Right up until I heard about Jim coming to Westcock, my plan was to hie me off to Toronto, figuring that if someone like Jim Arsenault was living there “out of necessity,” this necessitated that Lawrence Campbell should live there too. I terrorized my parents by articulating this intention pretty much every day from the moment I discovered
Even Less
. It was Toronto or nowhere, I said to my parents, who have been off Prince Edward Island overnight maybe six times in their combined lives. There was nowhere else to go, I told them, nowhere else to be, nowhere else to write in this hinterland.

But Jim. So Jim came. He bought the house near Rock Point. He settled in with Moira. He gathered acolytes from all across Canada. He initiated the joint creative-writing honours for English students—the first such degree in the country. The department had no choice but to do it because there were so many students like me arriving, more interested in studying poetry with Jim than anything else. Enrolment skyrocketed. Dekker says it “went up,” but that has to be an understatement. It skyrocketed—how could it not? And the most amazing thing—or not so amazing, it turns out, if you
know anything about what Dekker calls “departmental politics”—is that from the moment Jim showed up on the department’s doorstep, Doctor Sparrow has wanted nothing so dearly as an excuse to throw him off it.

I am extrapolating. Dekker didn’t come out and say it like that, but he did say that Jim has been “rubbing the administration the wrong way” since his arrival.

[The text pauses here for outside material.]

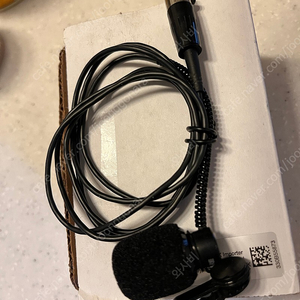 Shure WL184 핀마이크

“Why?” we all want to know.

“Well,” says Dekker. He leans against the table now, seeming to have shed his armour. Dekker is far more at ease simply having a conversation than I’ve ever seen him teaching a class. He scratches his five-o’clock shadow, searching for the right words. “Jim,” he begins. “Well, Jim is a little eccentric.”

“Oh my God,” I shout over Claude, who is snickering. “That’s because he’s a genius!”

“Yeah!” goes the yeah-guy behind me.

Dekker looks us over for a moment. A second later, all his armour has been shrugged on again. He picks up his briefcase.

“People,” he says, seeming to apologize with the word, “I can’t go into it with you. Jim’s been told his tenure won’t be granted next year—that’s all I can say. I’ve seen the letter, and personally, I think it’s a travesty. I’ve written to Doctor Sparrow and the dean of Arts, and that’s all I’m in a position to do. It’s—” Dekker sighs into the crease of his briefcase. “It’s a genuine shame.”

“What if
we
wrote letters?” asks Sherrie.

Dekker places his briefcase down on the table again. “Um,” he says carefully. “It’s not like I’m instructing you to do that or anything, but if you feel strongly about this, I’d encourage you to follow your conscience.”

Claude speaks. He says one word. That word is this: “Please.”

We all look at him. The cheerful futility sloshing around in that one syllable infuriates me. We’re silenced by it, and Claude gazes at us, finishing his sentiment with apparent effort.

“A bunch of students write letters,” he drawls.
“That
will make a difference.”

I’ll show him, I decide.

The yeah-guy, it turns out, is Todd. I haven’t spoken to him before, but I’ve read and commented on his poetry, most of which is pretty bad. A lot of it rhymes. He can’t seem to wean himself from the idea that poetry has to rhyme, and as a result everything he brings to class—often about sex or industrial accidents—has a grotesque sing-songy quality.
And as the coal fell on his head / he thought of what his mother said / work well: no matter what you do / the mine shall make a man of you
.

But now I find that I like him. Todd is all flailing limbs and pissed-off energy, and it’s infectious. We huddle outside the classroom.

“This is a pile of crap,” says Todd.

“Fucking bullshit,” I say.

“A complete pile of shit,” says Todd. “Jim’s my only reason for being here, for fuck’s sake. I could have gone to Dalhousie.”

“Me too,” I say.

Todd ceases to flail for a moment. “You got accepted to Dalhousie?”

“No, I mean Jim’s my only reason for being here,” I clarify. “I would have gone to U of T.”

“Toronto, man? Really?” Todd looks dubious.

“Well, yeah,” I say, “You know, Where Else in Canada …”

“Yeah, but Upper Canada,” says Todd, and I blink. The only other person I know who refers to it as Upper Canada
is my grandmother Lydia, the head of the Summerside Daughters of Temperance Society.